15min:
A GROUP THEORY ANALYSIS OF ESR SPECTRUM OF TERT-BUTYL RADICAL AT LOW TEMPERATURES.

SOICHI KUBOTA, TAKAMASA MOMOSE, CREST, Japan Science and Technology Agency, and Division of Chemistry, Graduate School of Science, Kyoto University, Kyoto 606-8502, JAPAN; TADAMASA SHIDA, Kanagawa Institute of Technology, Atsugi 243-0292, JAPAN.

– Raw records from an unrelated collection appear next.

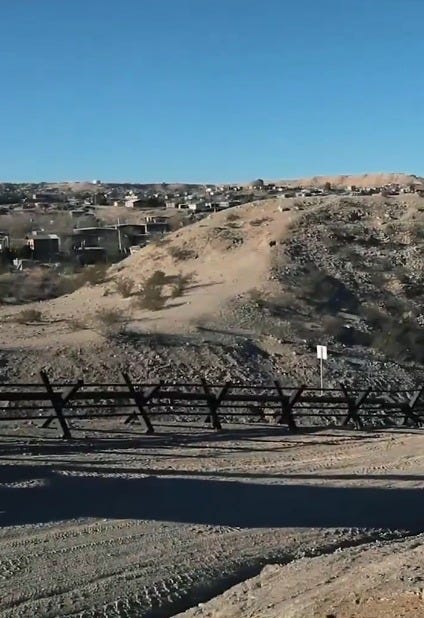 Barrier installed in the Border Patrol's El Paso Sector to prevent smugglers from illegally entering the country via UTV's and dirt bikes.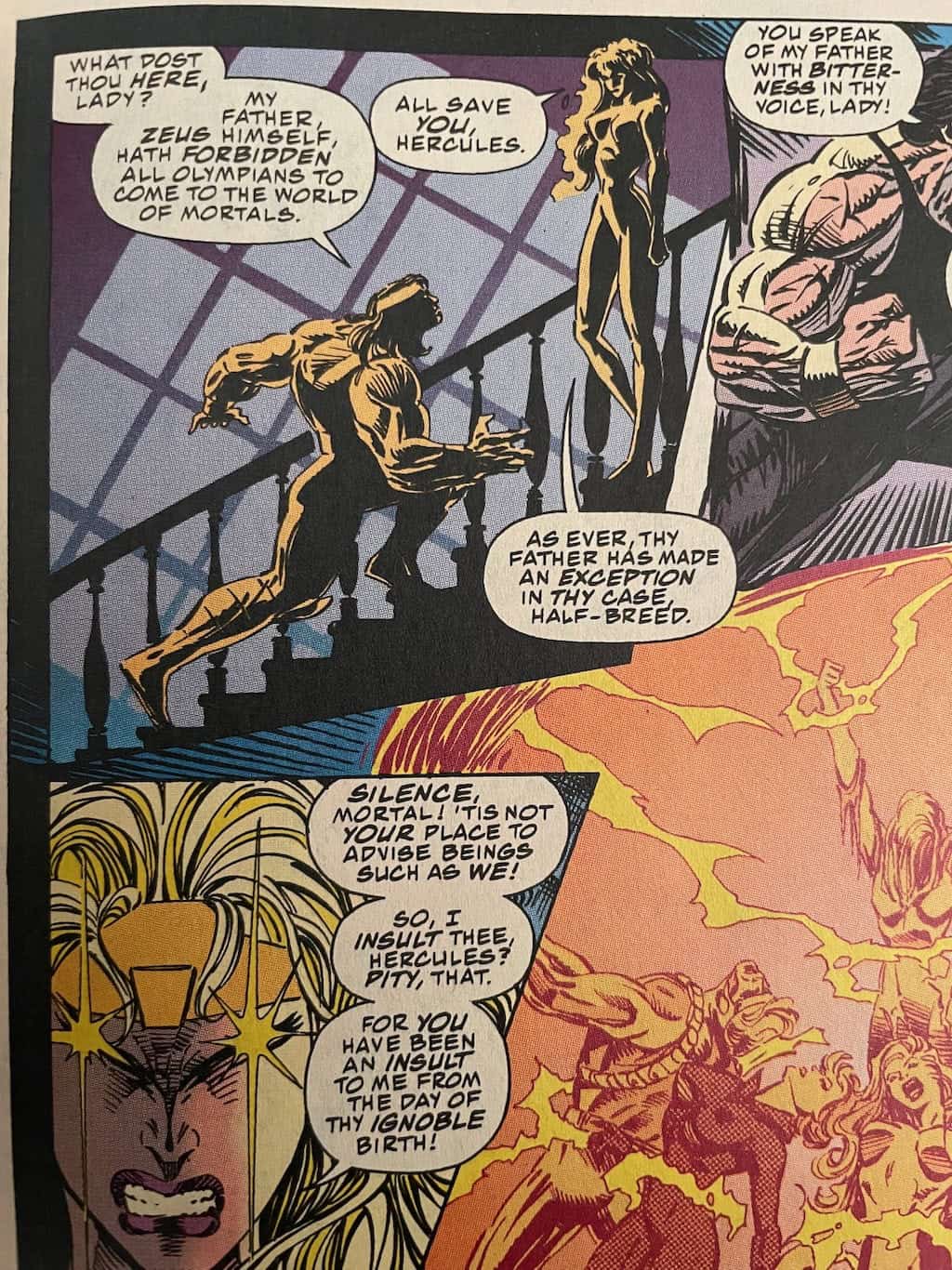 Avengers Comic 384 Goddess Hera Scene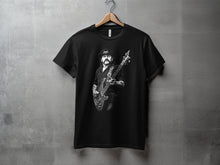 Load image into Gallery viewer, Musician with Guitar Graphic Black T-Shirt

ESR spectra of tert-butyl radical produced by gamma-irradiation in organic matrices showed equally-spaced 19 spectral lines with 9 satellite peaks at liquid He temperatures. The spectra also showed drastic temperature dependence. The spectral structure must be a result of complicated interactions between internal rotation of three methyl groups and umbrella motion of carbon skeleton. In a previous paper\footnoteS.~Kubota, M.~Matsushita, T.~Shida, A.~Abu-Raqabah, M.~C.~R.~Symons, and J.~L.~Wyatt, Bull.~Chem.~Soc.~Jpn. 68, 140 (1995)., we have interpreted the spectral structure by taking into account the internal rotation of three methyl groups only, assuming the carbon skeleton is rigidly planar. The simulated spectral structure was close to the observed spectral structure, but not perfectly matched. Here, we have tried to interpreted the spectral structure by taking into account the umbrella motion of carbon skeleton in addition to the internal rotation of three methyl groups. The analysis is based on the permutation-inversion group G324 for nine protons. Spectral structure has been simulated by adjusting several parameters in a model Hamiltonian in order to reproduce the observed spectral structure. Roles of umbrella motion in the ESR spectrum will be discussed.